That Yabu House of Katsu has been getting good press is an understatement: do a Google search for Yabu House of Katsu and you get over twenty pages of hits, mostly restaurant reviews and blog posts from happy, satisfied customers. So, with all that glowing praise in mind, we trotted off to Yabu’s newest branch in our neck of southern suburbia (SM Southmall in Las Pinas, just a couple jeepney rides away) for a spot of lunch.
Once you’ve been seated at your table, notice that there is a nice selection of condiments: three tall bottles of salad dressing – beige sesame (goma), pale green wasabi, and a soy (shoyu) vinaigrette, bottles of chili oil, shichimi togarashi [seven-spice powder], and shiso (pepper mixed with delicately floral shiso leaf), a salt pig, and a jug of house-blended tonkatsu sauce.
The dressings are there for the unlimited helpings of shredded cabbage that come with most of the items on the Yabu menu, pretty much allowing you to make your own coleslaw. They’re pretty ace dressings, too: the sesame is deliciously sweet and nutty, the soy vinaigrette pleasantly tangy, and the wasabi is creamy with just enough nose-tingling kick to make it interesting.
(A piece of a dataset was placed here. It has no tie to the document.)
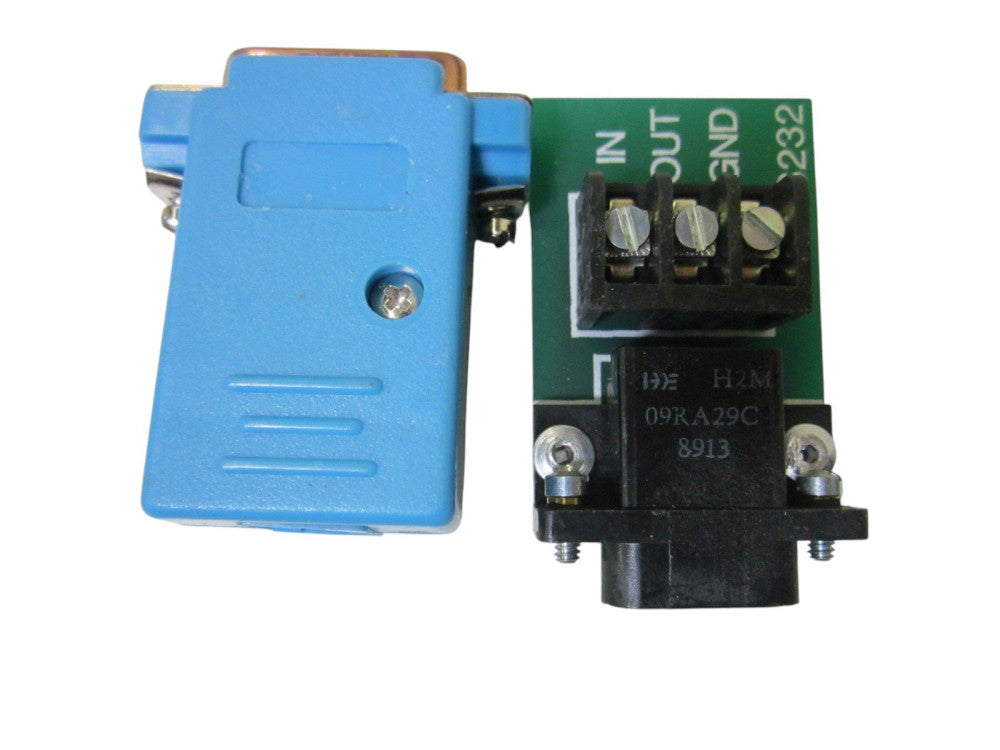 VOLTREX BRAND MAK606M MODULAR ADAPTOR KIT UNMP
And then, this is brought to your table:
You get a mortar of toasted black and white sesame seeds with a shiso-wood pestle that you’re supposed to hand-grind (not pound, hence the grooves in the bowl) till the intense, nutty aroma comes out. Afterwards, you add about a couple wee ladlefuls of the house-blend sauce, plus a sprinkle of salt from the piggy, and your choice of sparkers. (I opted for the shiso powder; it lent a delicately floral tang and a subtle heat to my sauce.)
Once you’re all set, whet your appetite with some appetizers. For P 195.00, you get a choice of two off the menu. I’d say go for the wakame salad which is absolutely refreshing and tastes deliciously fresh with a mix of wakame seaweed, sesame seeds, a hint of salt, and tobiko (cod roe). Edamame (green soybean pods) are also nice, but we seriously prefer the chive-sprinkled spin on potato salad.
As this is the House of Katsu, you should definitely order the tonkatsu. (I question the culinary integrity of anyone who even thinks about ordering the bloody vegetarian platter! There’s one on the menu, but really…) The house specialty is kurobuta – the creamy-colored, beautifully marbled, exquisitely tender pork from the fabled Japanese black pigs. Yabu pitches this premium meat as the “wagyu of pork”, an appellation that does it little justice because it is a far sweeter, more tender, utterly moreish sort of meat that shouldn’t be compared to any other.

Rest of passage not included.